Image by storyset on Freepik
Introduction
Let me start off by acknowledging that this subject has been written about and discussed repeatedly on many different platforms. So, what could I offer that hasn’t already been said?
Well, as it turns out, I’m a lot older than the average Medium author. Although some people politely refer to me as “mature” or “experienced,” the truth is that my perspective is shaped by the fact that I’ve been around long enough to remember when neon colors and gradients on bar-charts were cool. Therefore, what I can offer you is advice that stands the test of time.
Data Visualization
As an analyst, you will probably spend at least 10 times as much time analyzing the data as you will have to present the information to your audience. Therefore, graphics and other visual representations are important because it creates a better understanding, even for those who aren’t trained in analyzing datasets. By building visualizations, you can help your company’s decision-makers understand complex ideas at a glance.
So how do you improve this skill? Well, there are plenty of training options in the form of online courses and plenty of tools specializing in visualization. However, I’m hesitant to recommend specific technology or course because the world changes so quickly, and I want to offer advice that stands the test of time.
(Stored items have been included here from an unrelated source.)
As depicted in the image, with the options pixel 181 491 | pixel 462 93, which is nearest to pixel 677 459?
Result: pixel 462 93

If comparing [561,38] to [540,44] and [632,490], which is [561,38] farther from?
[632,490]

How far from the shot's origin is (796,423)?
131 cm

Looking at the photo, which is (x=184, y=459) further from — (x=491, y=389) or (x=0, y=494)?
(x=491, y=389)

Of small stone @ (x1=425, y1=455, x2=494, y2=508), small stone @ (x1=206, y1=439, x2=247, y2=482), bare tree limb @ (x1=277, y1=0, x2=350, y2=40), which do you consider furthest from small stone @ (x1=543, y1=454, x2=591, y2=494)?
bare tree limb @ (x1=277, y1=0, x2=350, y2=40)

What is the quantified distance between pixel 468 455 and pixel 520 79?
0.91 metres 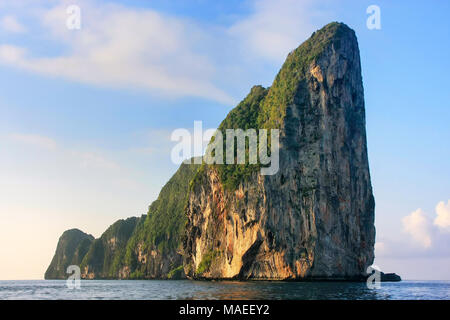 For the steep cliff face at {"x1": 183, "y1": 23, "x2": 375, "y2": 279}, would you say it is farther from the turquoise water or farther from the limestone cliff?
the limestone cliff

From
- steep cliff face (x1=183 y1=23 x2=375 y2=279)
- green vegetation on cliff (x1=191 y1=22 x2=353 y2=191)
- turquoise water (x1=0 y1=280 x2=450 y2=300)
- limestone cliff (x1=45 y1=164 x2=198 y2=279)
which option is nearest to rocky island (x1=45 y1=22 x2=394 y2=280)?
steep cliff face (x1=183 y1=23 x2=375 y2=279)

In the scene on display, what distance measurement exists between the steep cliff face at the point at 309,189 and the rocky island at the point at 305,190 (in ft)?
0.59

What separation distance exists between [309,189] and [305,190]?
0.75 meters

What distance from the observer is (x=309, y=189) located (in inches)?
3420

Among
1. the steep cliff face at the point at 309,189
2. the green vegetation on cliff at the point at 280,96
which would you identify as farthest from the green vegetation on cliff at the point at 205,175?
the steep cliff face at the point at 309,189

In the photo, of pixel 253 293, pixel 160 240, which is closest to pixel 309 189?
pixel 253 293

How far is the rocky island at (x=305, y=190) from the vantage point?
277 ft

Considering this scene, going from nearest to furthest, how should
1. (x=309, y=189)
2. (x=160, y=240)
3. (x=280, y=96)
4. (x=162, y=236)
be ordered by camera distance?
(x=309, y=189), (x=280, y=96), (x=160, y=240), (x=162, y=236)

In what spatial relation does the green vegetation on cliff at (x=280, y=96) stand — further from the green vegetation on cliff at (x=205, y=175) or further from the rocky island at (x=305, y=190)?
the rocky island at (x=305, y=190)

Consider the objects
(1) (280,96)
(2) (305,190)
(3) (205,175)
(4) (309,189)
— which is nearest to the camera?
(4) (309,189)

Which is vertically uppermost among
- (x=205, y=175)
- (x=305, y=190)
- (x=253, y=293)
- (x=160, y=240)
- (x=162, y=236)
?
(x=205, y=175)

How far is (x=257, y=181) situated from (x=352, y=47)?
111 ft

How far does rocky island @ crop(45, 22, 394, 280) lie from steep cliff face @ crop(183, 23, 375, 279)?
18 cm

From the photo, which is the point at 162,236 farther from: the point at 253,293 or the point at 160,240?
the point at 253,293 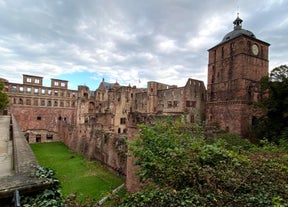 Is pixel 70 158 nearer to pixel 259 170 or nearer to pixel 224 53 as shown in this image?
pixel 259 170

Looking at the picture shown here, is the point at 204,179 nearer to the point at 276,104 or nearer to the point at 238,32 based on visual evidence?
the point at 276,104

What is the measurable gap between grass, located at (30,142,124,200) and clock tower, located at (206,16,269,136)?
18053 mm

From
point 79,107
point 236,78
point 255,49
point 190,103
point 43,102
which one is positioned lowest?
point 79,107

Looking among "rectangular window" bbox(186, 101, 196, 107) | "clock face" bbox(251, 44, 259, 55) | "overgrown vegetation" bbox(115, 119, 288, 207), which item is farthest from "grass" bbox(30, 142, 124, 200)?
"clock face" bbox(251, 44, 259, 55)

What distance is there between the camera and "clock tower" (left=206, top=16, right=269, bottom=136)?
22984mm

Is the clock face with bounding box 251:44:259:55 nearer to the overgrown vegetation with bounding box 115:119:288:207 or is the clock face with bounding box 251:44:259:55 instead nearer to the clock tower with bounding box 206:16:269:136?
the clock tower with bounding box 206:16:269:136

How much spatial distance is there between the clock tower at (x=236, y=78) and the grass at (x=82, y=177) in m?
18.1

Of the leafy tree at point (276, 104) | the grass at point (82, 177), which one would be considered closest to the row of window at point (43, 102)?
the grass at point (82, 177)

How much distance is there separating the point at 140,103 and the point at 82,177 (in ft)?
76.5

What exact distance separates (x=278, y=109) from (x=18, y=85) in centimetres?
4059

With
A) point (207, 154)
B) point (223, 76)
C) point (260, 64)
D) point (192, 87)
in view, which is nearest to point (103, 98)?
point (192, 87)

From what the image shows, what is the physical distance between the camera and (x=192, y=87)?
2812cm

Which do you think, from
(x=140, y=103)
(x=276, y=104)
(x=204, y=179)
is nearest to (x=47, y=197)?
(x=204, y=179)

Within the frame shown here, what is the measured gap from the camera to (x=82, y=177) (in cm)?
1398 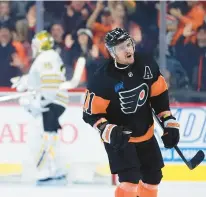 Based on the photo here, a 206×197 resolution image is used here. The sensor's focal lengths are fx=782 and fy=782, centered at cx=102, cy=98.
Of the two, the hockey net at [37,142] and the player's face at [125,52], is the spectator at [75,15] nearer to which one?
the hockey net at [37,142]

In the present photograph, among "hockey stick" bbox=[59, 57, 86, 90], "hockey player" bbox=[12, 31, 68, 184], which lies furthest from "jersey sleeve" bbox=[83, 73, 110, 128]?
"hockey stick" bbox=[59, 57, 86, 90]

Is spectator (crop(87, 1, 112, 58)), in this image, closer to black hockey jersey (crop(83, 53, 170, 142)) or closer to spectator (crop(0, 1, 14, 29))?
spectator (crop(0, 1, 14, 29))

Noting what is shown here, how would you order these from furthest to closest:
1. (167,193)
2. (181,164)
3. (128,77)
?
(181,164), (167,193), (128,77)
Therefore, make a habit of exploring other people’s work. Build a bookmarks folder called “Inspiration” and fill it with blog links. Dedicate 15 minutes weekly to browsing the blogs to fill your brain with possibilities.
I also recommend buying a couple of books. Edward Tufte is the grandfather of data visualization, and I’m also a fan of Nathan Yau over at FlowingData.com, where you can find books, blogs, courses, and tutorials. I keep both of his books, Data Points and Visualize This, on my bookshelf for inspiration.
The mechanics of how you will actually create the visualization will come with practice. Some of you will fall in love with R or python, and others with Excel or Tableau. The key is having your brain filled with possibilities, so you can imagine what you want before you build it.
Data Cleaning
Data Scientists are known for their claim that “80% of building a machine-learning model is preparing and cleaning the data.” However, this is also true for data analysts. Whatever the actual percentage, the truth is that a large proportion of time spent with data, in general, is spent cleaning it.
Cleaning data is important, because uncleaned data can produce misleading patterns and lead to mistaken conclusions. Early in my career, I was tasked with delivering the percentage of support calls that were resolved on the first try. As I walked my management through the results, one of them insisted that the numbers “didn’t make sense.” When I did more research, I discovered that the calls data had a column called “status” that sometimes was populated with an “X.” Apparently, the system would record an “X” for a test record, which should be ignored.
Data cleaning skills grow with hands-on practice and business expertise. This makes it difficult to accelerate. In general, sites like kaggle.com or zindi are not the best places to practice data cleaning because they are focused on data science, and the datasets are usually pretty clean already. On the other hand, government websites such as https://data.ca.gov/ or https://data.gov/ are a great place to find datasets that are messy. You can also follow the TidyTuesday project, even if you’re not an R user, to find interesting datasets and get familiar with the types of cleaning steps that occur in the wild.
SQL
As I mentioned, I am hesitant to recommend a specific tool or technology because of how quickly the landscape changes. It is probably safe to say that python and R are here to stay, but SQL is on another level. SQL is the language of databases; therefore, learning SQL will always be the most direct way you can manipulate and study datasets for your analysis.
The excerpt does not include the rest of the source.